::: MATERIAL SHOWN

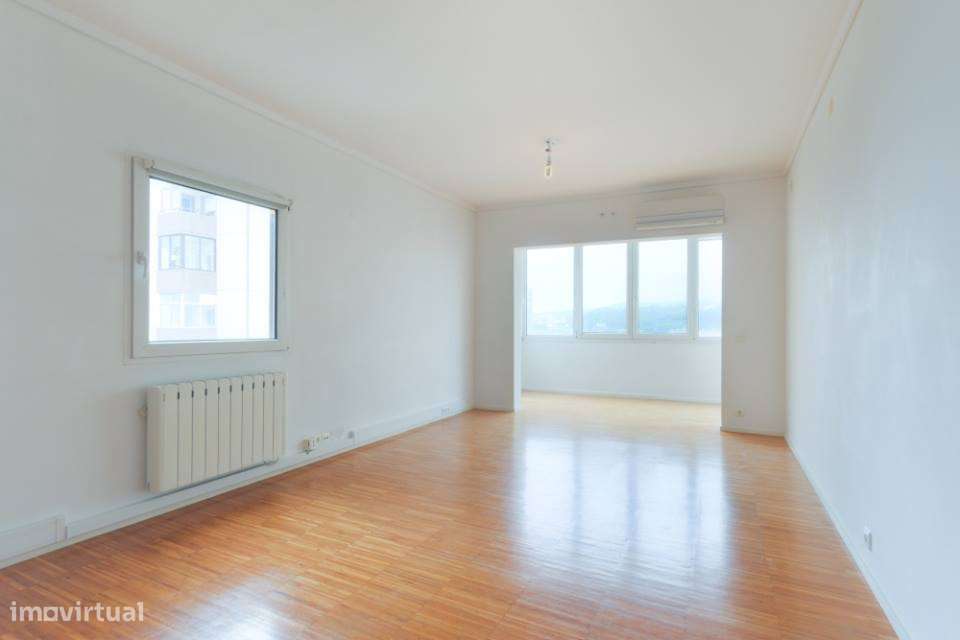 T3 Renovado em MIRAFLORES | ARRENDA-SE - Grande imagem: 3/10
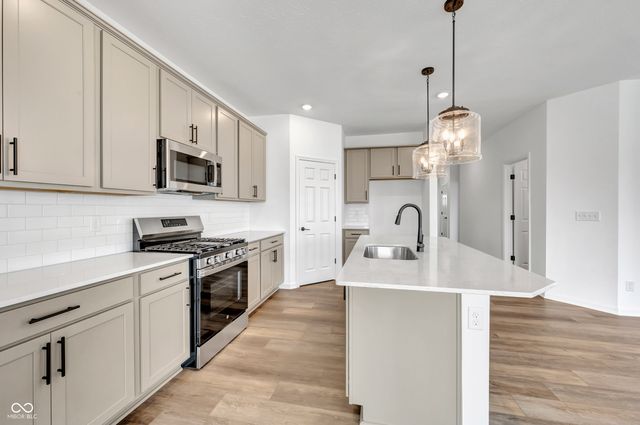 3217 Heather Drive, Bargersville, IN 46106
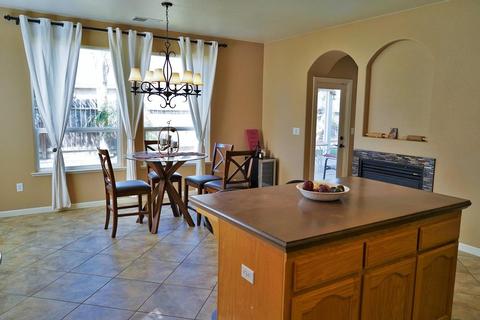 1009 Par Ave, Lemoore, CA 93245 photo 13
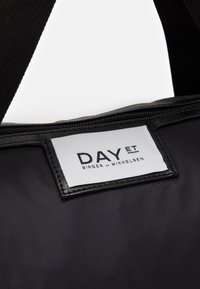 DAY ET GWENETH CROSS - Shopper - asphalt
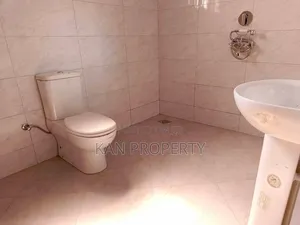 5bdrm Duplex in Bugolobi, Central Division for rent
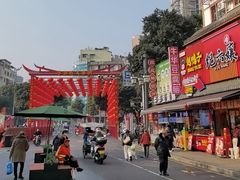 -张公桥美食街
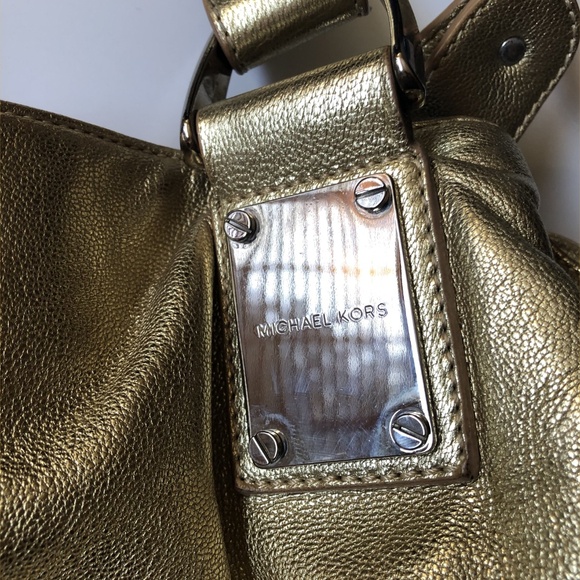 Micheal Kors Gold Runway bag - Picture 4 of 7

::::::

▶ [EXERCISE PROMPT] Extract only the lines from the one that contains "3217 Heather Drive, Bargersville, IN 46106" through the end of the records, inclusive, and omit every picture.

▶ [EXERCISE RESULT]
 3217 Heather Drive, Bargersville, IN 46106
 1009 Par Ave, Lemoore, CA 93245 photo 13
 DAY ET GWENETH CROSS - Shopper - asphalt
 5bdrm Duplex in Bugolobi, Central Division for rent
 -张公桥美食街
 Micheal Kors Gold Runway bag - Picture 4 of 7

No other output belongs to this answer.